__Required work__: Look below for the line with "Bultos y piel", then repeat it and all lines after it, exactly, minus any pictures.

__Input for this task__:
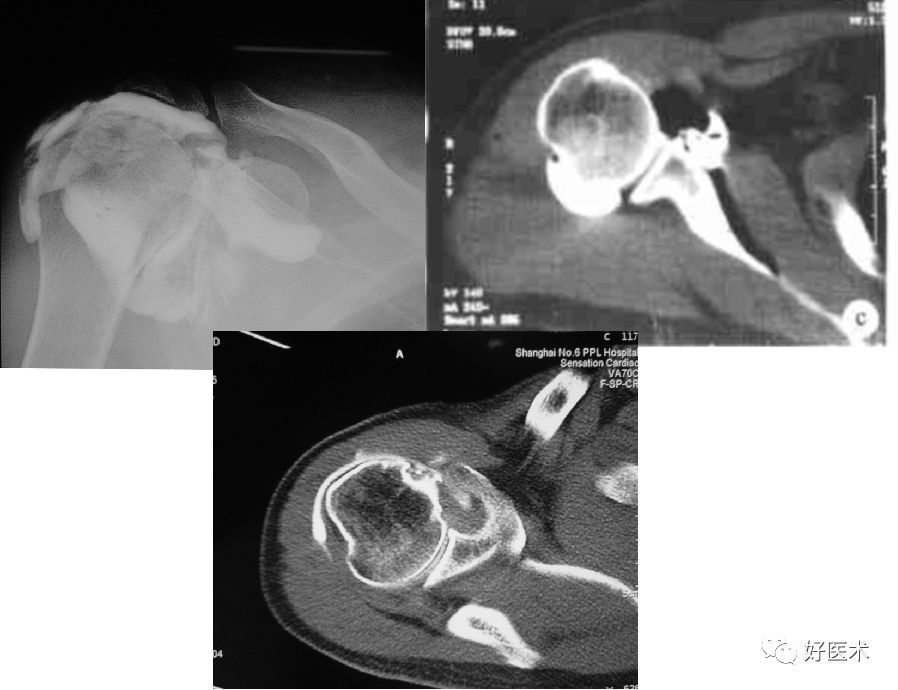 肩关节损伤的影像学诊断-24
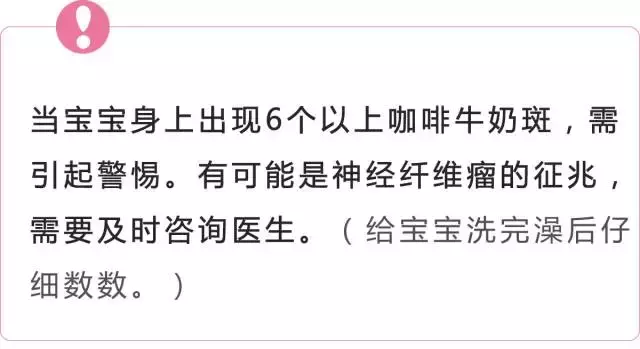 危险！宝宝的胎记，如果长这样，一定要看！医！生！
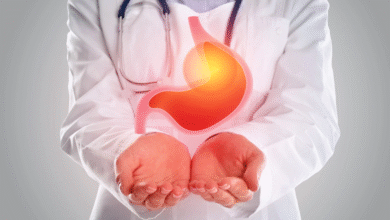 Top Solutions for Managing Hunger After Gastric Sleeve Surgery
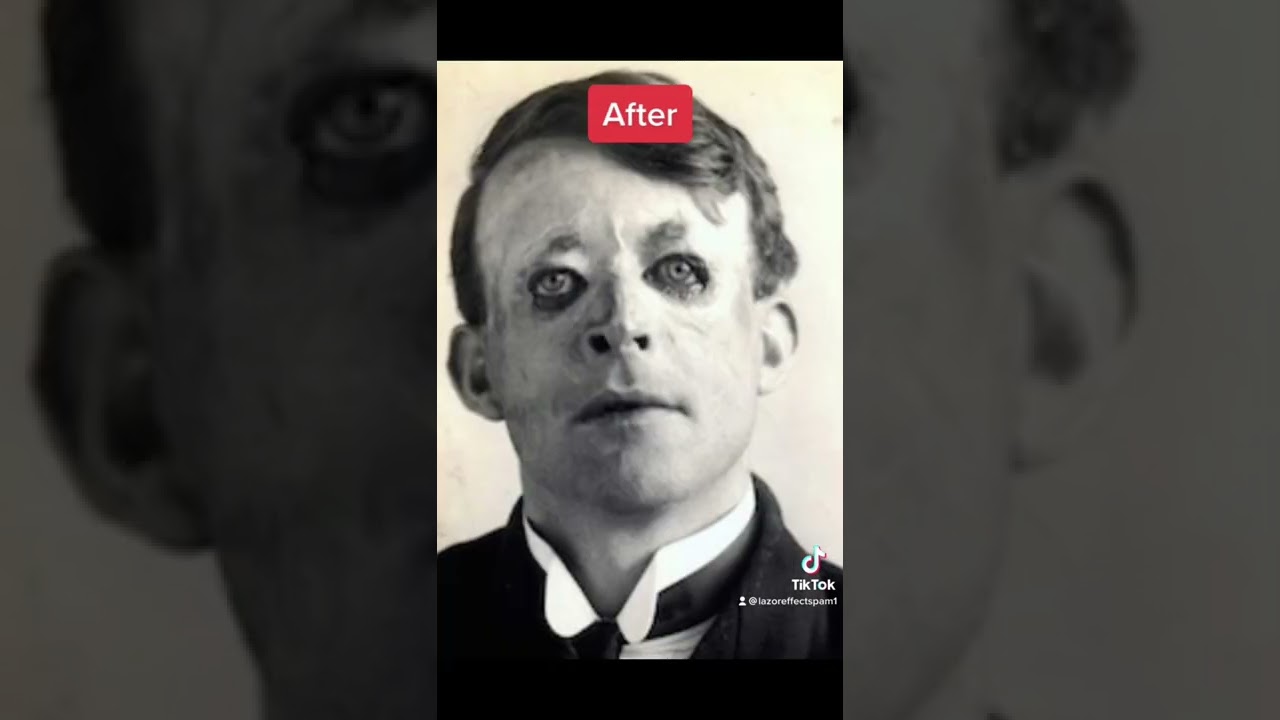 Soldiers Before & After WW ๐ช #shorts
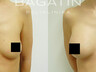 Breast augmentation 22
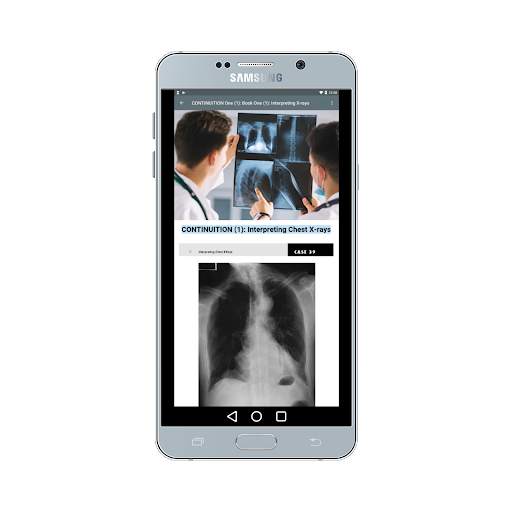 X-ray Interpretation for Medic screenshot 3
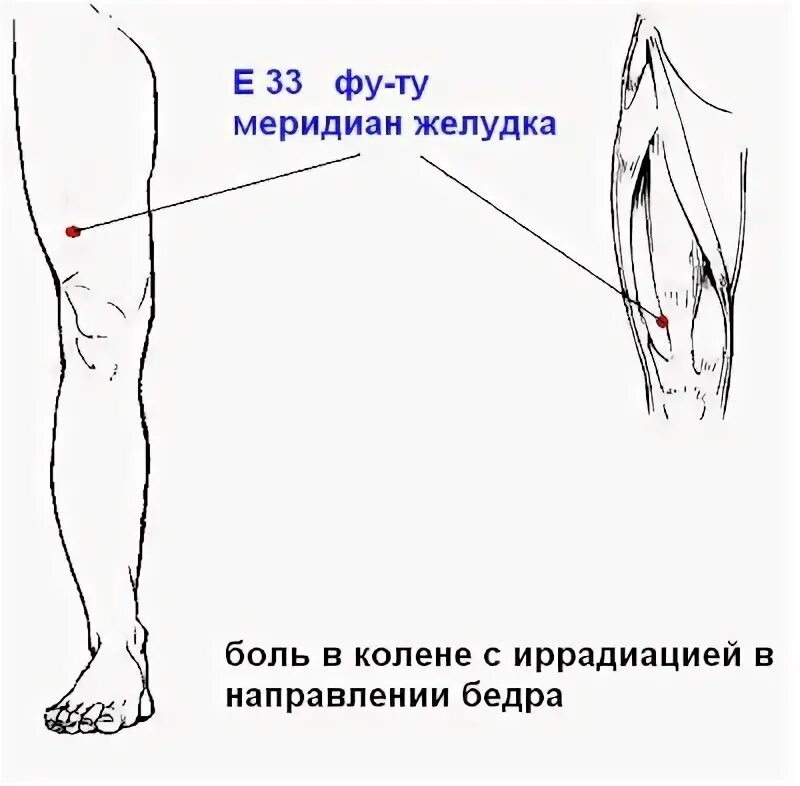 Иррадиация боли в бедре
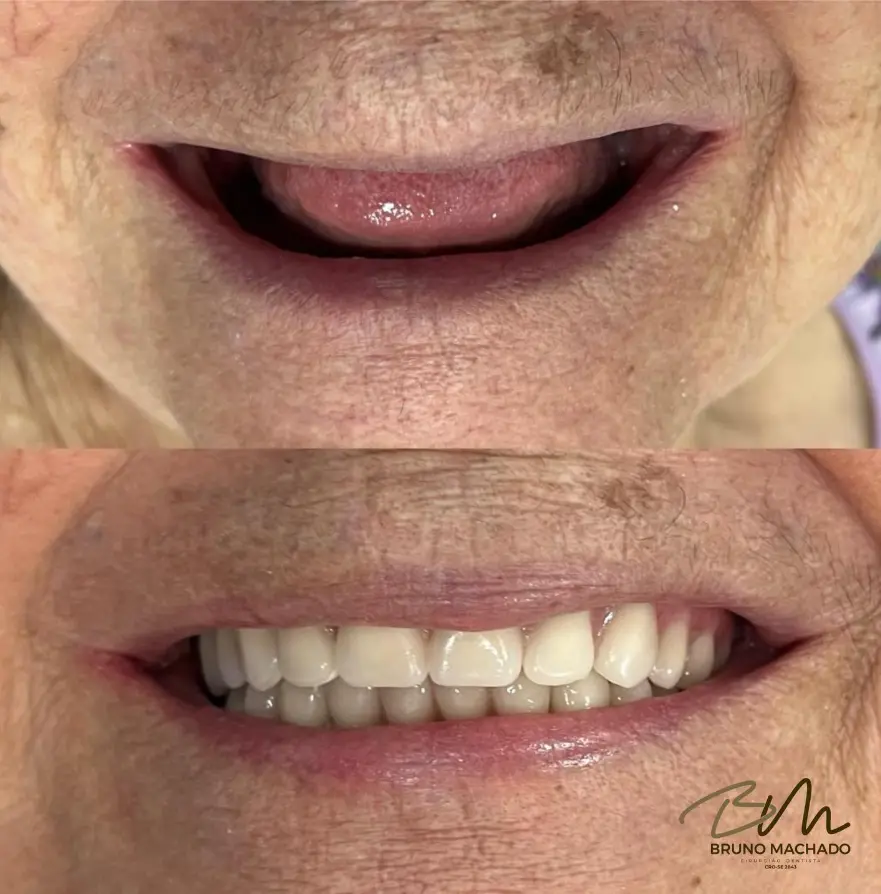 Prótese Protoco sobre Implantes!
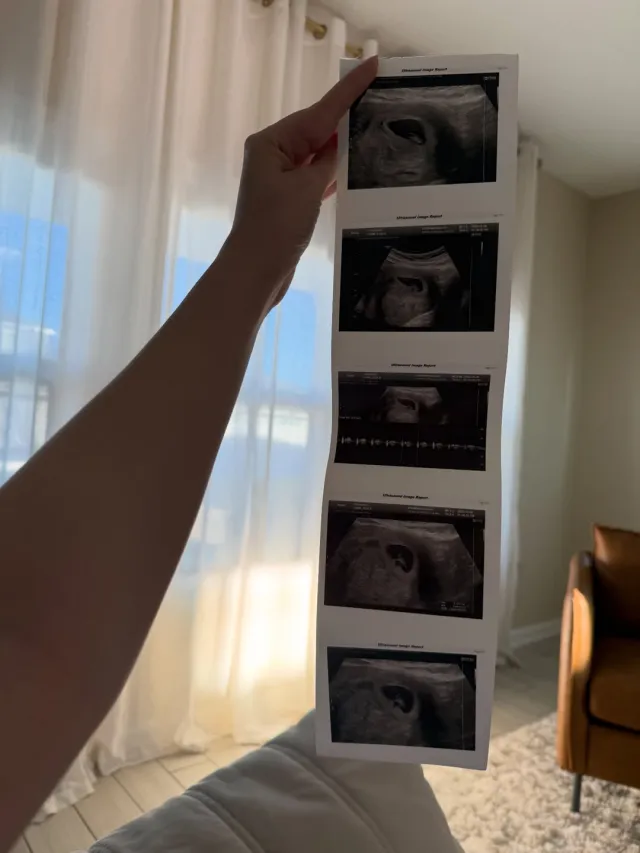 Dolazi ljubav: Đula Drini otkrila pol bebe 6 DJula drini trudna 640x853 1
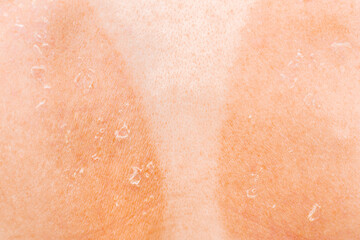 Young woman got sunburn and tan lines on his back. Skin hurt from sun burn and flakes sloughs off. Burning pain. Close-up back view.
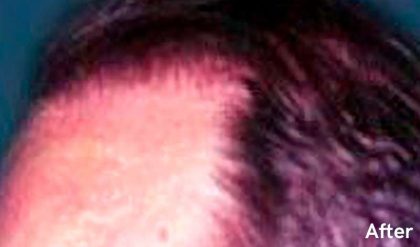 Hair Restoration Before & After Patient #2772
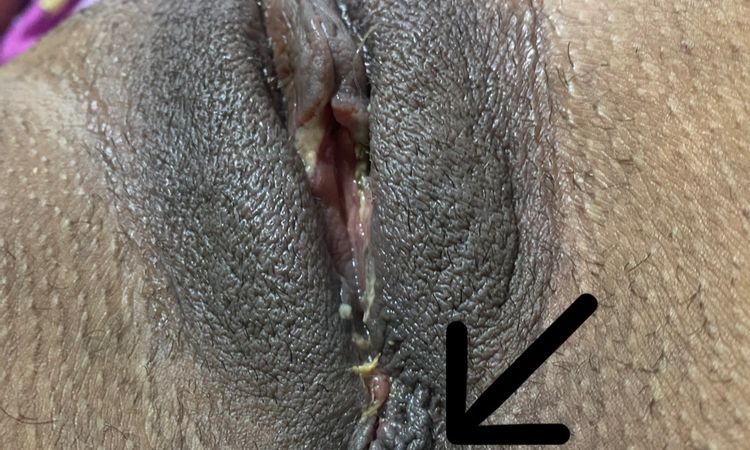 Bultos y piel arrugada en sutura de labioplastia - 57622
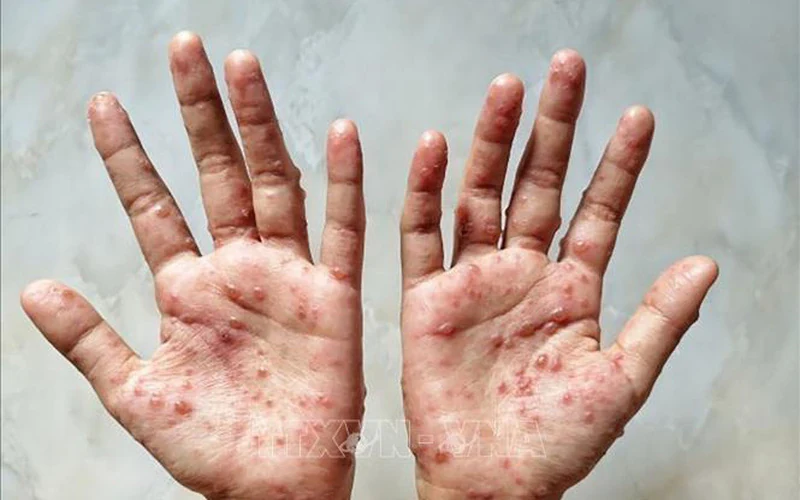 Tăng cường phòng chống bệnh đậu mùa khỉ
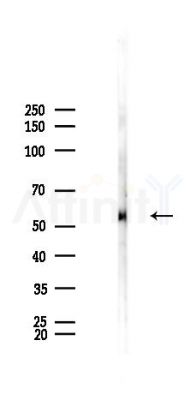 TEM8 Antibody - Western blot analysis of lysates from Rat brain, using TEM8 Antibody at 1/1000 dilution.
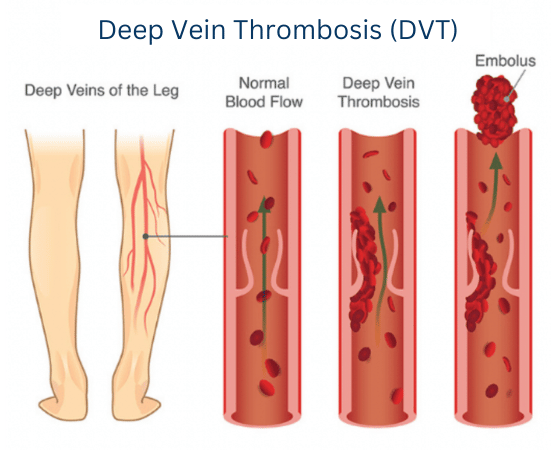 Deep Vein Thrombosis: Signs, Symptoms & Treatment For DVT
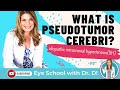 Pseudotumor Cerebri (IIH) Story Time | Eye Doctor Explains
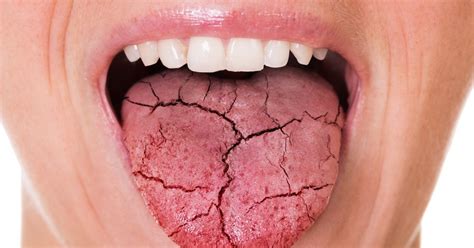 szájszárazság tünetei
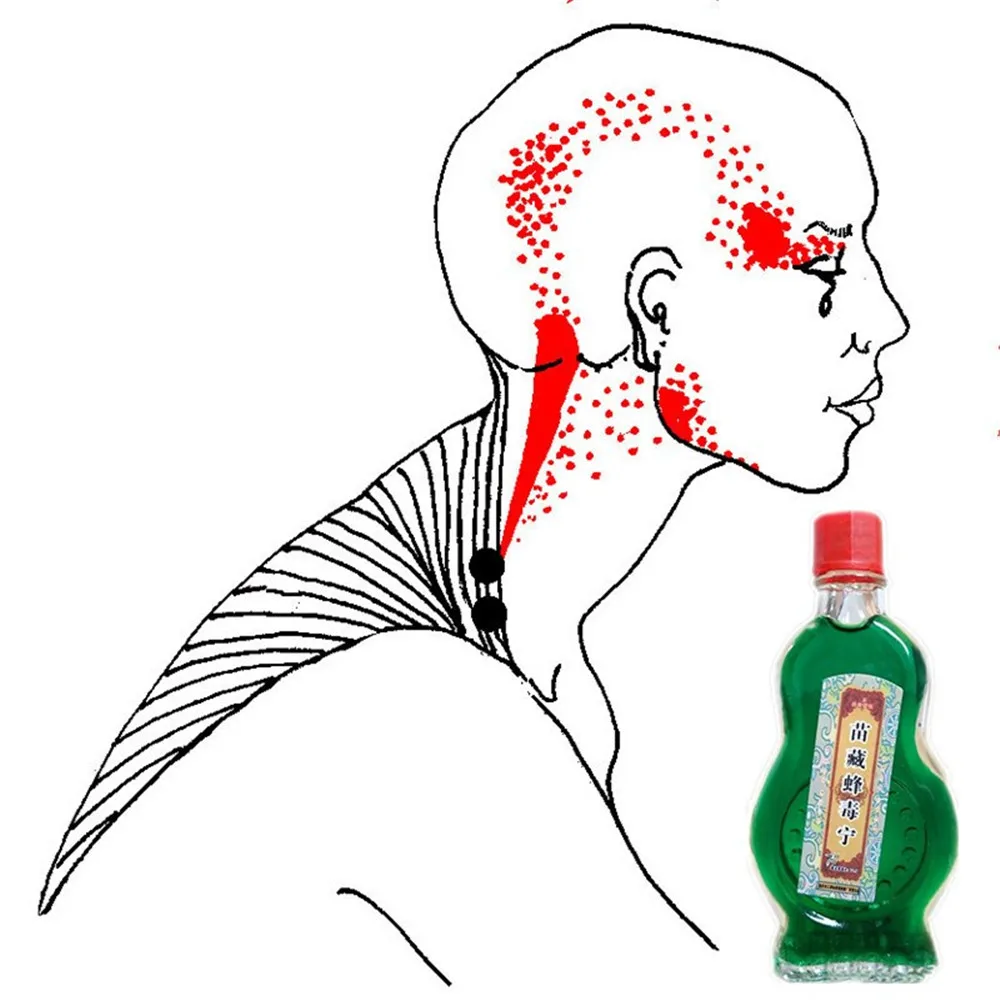 

Essential oil Cure Rheumatism Arthritis Chinese Pain relief patch orthopedic plasters analgesic patches Shoulder Massage Oil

__Exercise result__:
 Bultos y piel arrugada en sutura de labioplastia - 57622
 Tăng cường phòng chống bệnh đậu mùa khỉ
 TEM8 Antibody - Western blot analysis of lysates from Rat brain, using TEM8 Antibody at 1/1000 dilution.
 Deep Vein Thrombosis: Signs, Symptoms & Treatment For DVT
 Pseudotumor Cerebri (IIH) Story Time | Eye Doctor Explains
 szájszárazság tünetei

Essential oil Cure Rheumatism Arthritis Chinese Pain relief patch orthopedic plasters analgesic patches Shoulder Massage Oil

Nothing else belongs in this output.